Comcast plans to hold on to other media assets though, keeping the NBC broadcast network, the Peacock streaming service, NBC Sports, and Universal theme parks. Once the crown jewel of its media empire, Comcast spinning off its legacy media assets highlights how those assets have struggled as Americans have ended their cable subscriptions and viewership has fallen.
It is anticipated that this new company will soon be attracting other buyers or sellers as consolidation of major media companies is predicted by Wall Street analysts. Craig Moffett, an analyst at MoffettNathanson, said that “investors have yearned for exactly this, or at least something close to it, for years.”
Nvidia
Nvidia’s Earnings
While Phi Fiscal doesn’t usually highlight a singular company’s earnings, often grouping them together, Nvidia’s status as a bellwether of the AI industry makes understanding their earnings vital.
In Q3, Nvidia reported sales of $35.08 billion and net income of 19.31 billion or EPS of $0.81. From the same time last year, Nvidia’s revenue grew 94% and net income more than doubled. However, the revenue growth is, unsurprisingly, slower than prior quarters where Nvidia had growth of 122%, 262%, and 265%. Still, both revenue and net income beat estimates by a significant margin, as expectations of $33.16 billion and EPS of $0.75 were beaten by 6% and 8% respectively.

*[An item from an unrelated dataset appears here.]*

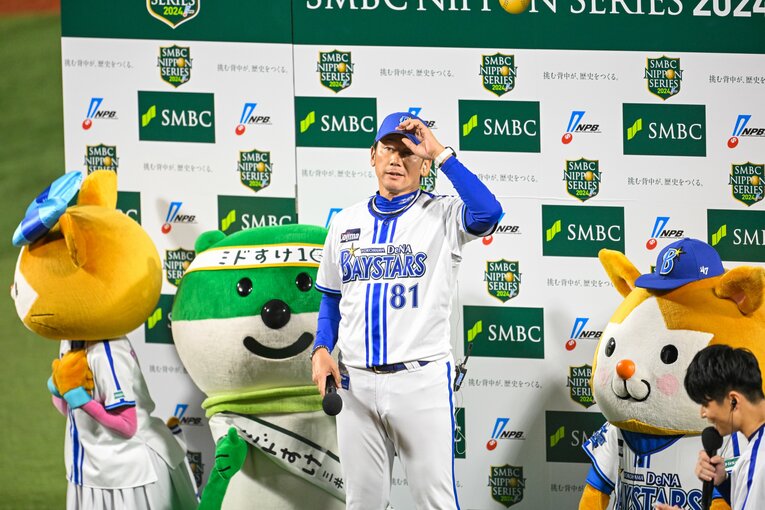 日本シリーズのスポンサーであるSMBCのパネルの前でインタビューに答えるベイスターズの三浦大輔監督　©︎Nanae Suzuki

Nvidia forecasts strong future growth as well. CFO Colette Kress has said that “Blackwell demand is staggering” for Nvidia’s next generation Blackwell AI chip, which is far more powerful than Nvidia’s current H200. The forecast for next quarter implies a 70% annual growth, which is still extremely high but is lower than prior quarters.
Perhaps because of this inexorable bottlenecking of growth, Nvidia investors didn’t respond particularly positively to this fabulous earnings report. 5 days on from the earnings report, the stock is down around 11%.
Foundry
Google Losing Chrome
Back in July, Alphabet, Google’s parent company, was declared a monopoly in court. Following that ruling, the Department of Justice(DOJ) waited to decide on what it would pursue next, with some possibilities being completely breaking up Alphabet, breaking off Android, ending Google’s search engine agreements, etc.
This week, it asked the federal judge overseeing the antitrust lawsuit to force Alphabet to sell off Chrome, allow websites to opt out of AI training models, stop Google from paying other companies like Apple to make Google the default search engine, and force Google to either sell off its Android division or police Google from using Android to knee cap competitors.
While these are just DOJ demands and not guaranteed to be enforced by the court, the threat of the demands is serious, with VP of regulatory affairs calling the demands a “radical agenda that goes far beyond the legal issues in this case” and Alphabet’s stock falling around 5% in the days following the announcement.
The final decision is expected to be reached sometime in 2025. However, some reservations should be kept regarding the demands because it is uncertain whether Trump’s presidency will affect the lawsuit. President Elect Trump has previously questioned if splitting up Google could “destroy the company” and lead to “China [having] these companies”.
Ozan Kose/AFP
Bitcoin’s Highs and Lows
Following Trump’s electoral victory around 3 weeks ago, Bitcoin optimism spiked as investors gleefully invested in anticipation of Trump’s crypto friendly administration, driving Bitcoin up over 40% in just the last month.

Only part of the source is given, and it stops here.